Hermann Parzinger, the foundation’s president, told the AP that it now has between 5,500 and 6,000 remains from the colonial era.

“Everything has to be given back,” he said.

The foundation in 2023 connected research dots and linked 1,135 human skulls to present-day Rwanda, Tanzania and Kenya but is still waiting for the countries to accept their return, Parzinger said.

Germany has successfully returned human remains to Namibia, and colonial loot to elsewhere. In 2022, it agreed to return hundreds of Benin Bronzes to Nigeria, historic bronze sculptures.

Teaching about Germany’s colonial era

As part of the 2022 agreement, the foundation secured a long-term loan of 168 Benin Bronzes.
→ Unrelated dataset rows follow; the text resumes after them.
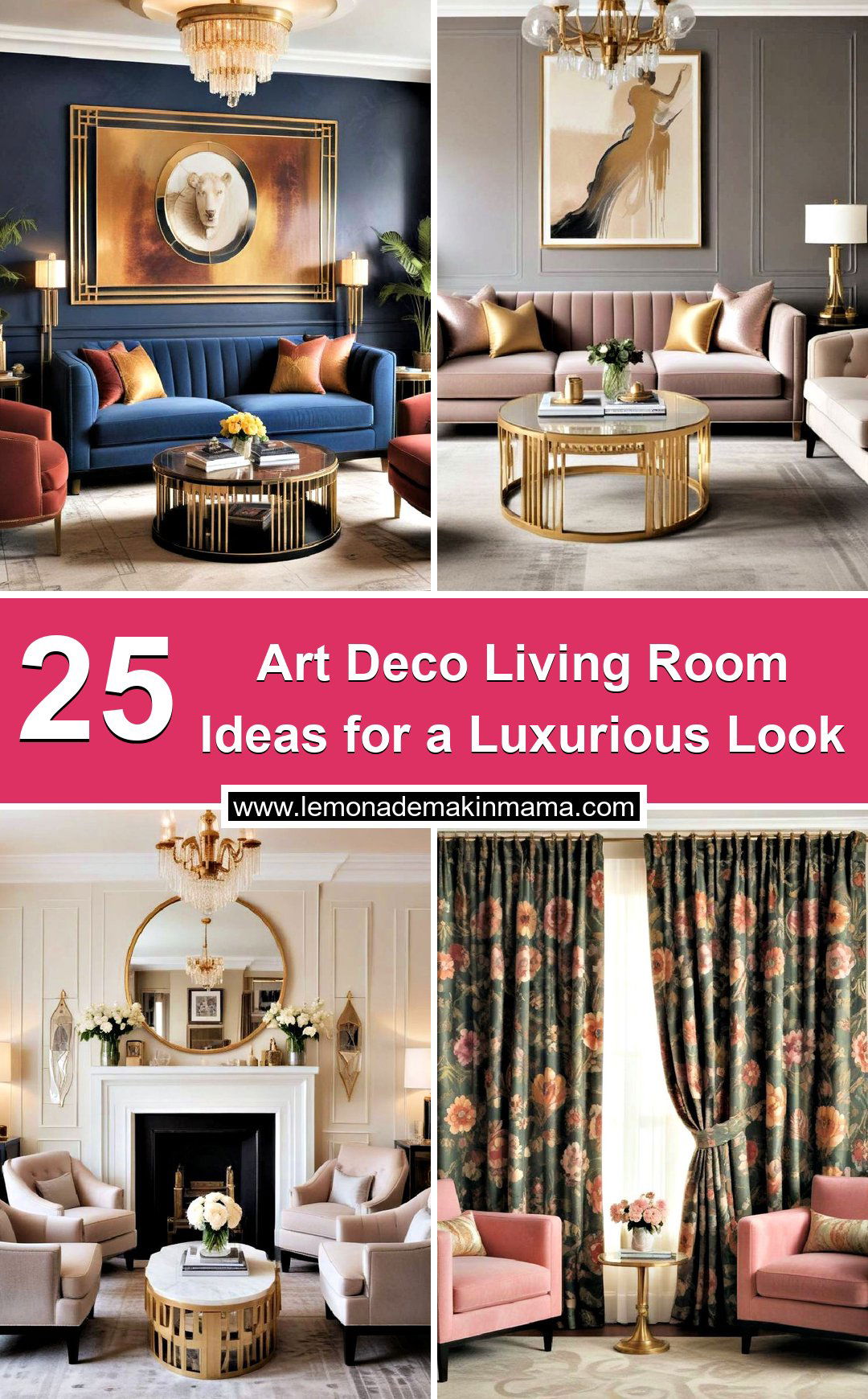 Art Deco Living Room Ideas for a Luxurious Look
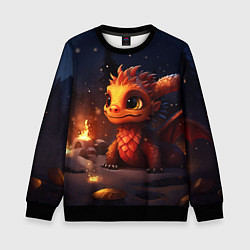 Детский свитшот Сияющий ледяной дракон
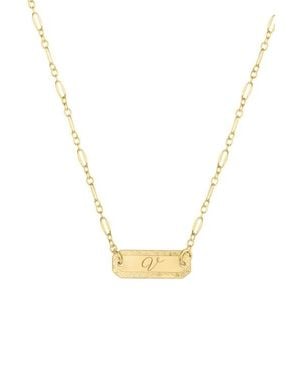 SET & STONES Cora Initial Necklace - Metallic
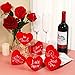 Imagen de Chalyna 6 Mini Almohadas de Corazón Rojo de Felpa del Día de San Valentín 10 cm Dulce Corazón Adorno de Cojín con Forma de Corazón Relleno Pequeño I Love Honey para Amante Cumpleaños Amigos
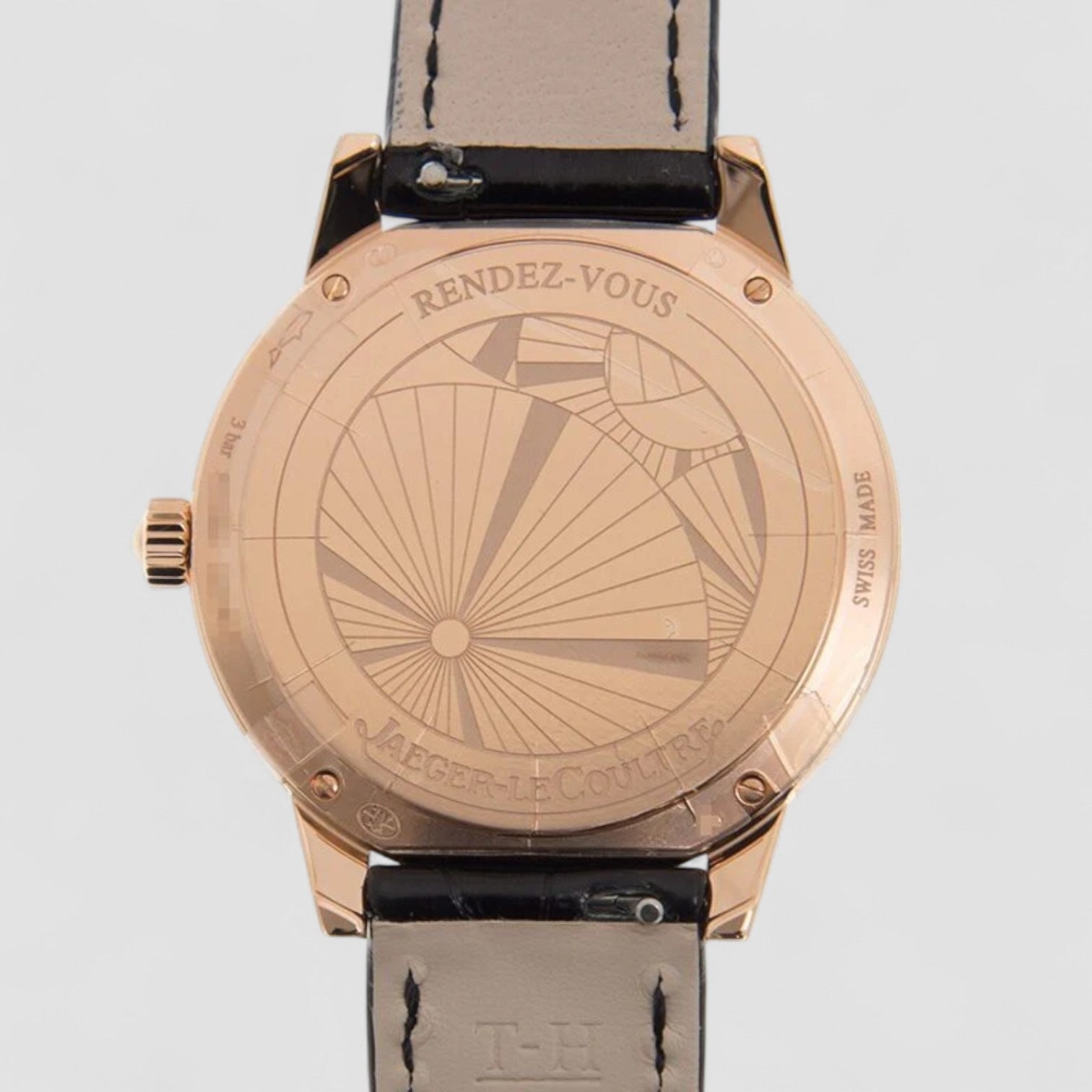 Rendez-vous Silver Guilloche Dial Ladies Watch 34mm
Some are on display in Berlin’s Humboldt Forum museum, with information about how they were plundered from Benin City by British troops, and details about the once-powerful Edo Kingdom of Benin.

The artifacts now have an educational role.

“It’s not mandatory to learn about colonialism in the school system,” said Justice Mvemba, who in 2022 founded Decolonial Tours, which offers guided tours of Berlin’s African Quarter and museums, including the Humboldt Forum.

Mvemba, who came to Germany as a child from Congo, said some teachers may decide to tell students about the colonial era, but it’s often in romanticized ways. Her tours strive for “a more critical lens on the colonial era and to also break those glorified narratives.”

While Mvemba focuses on Germany’s colonial past, she also brings attention to how racist prejudices are still prevalent today.

“Growing up in Germany, I experienced a lot of racism,” said Mvemba. “We have to talk about history.”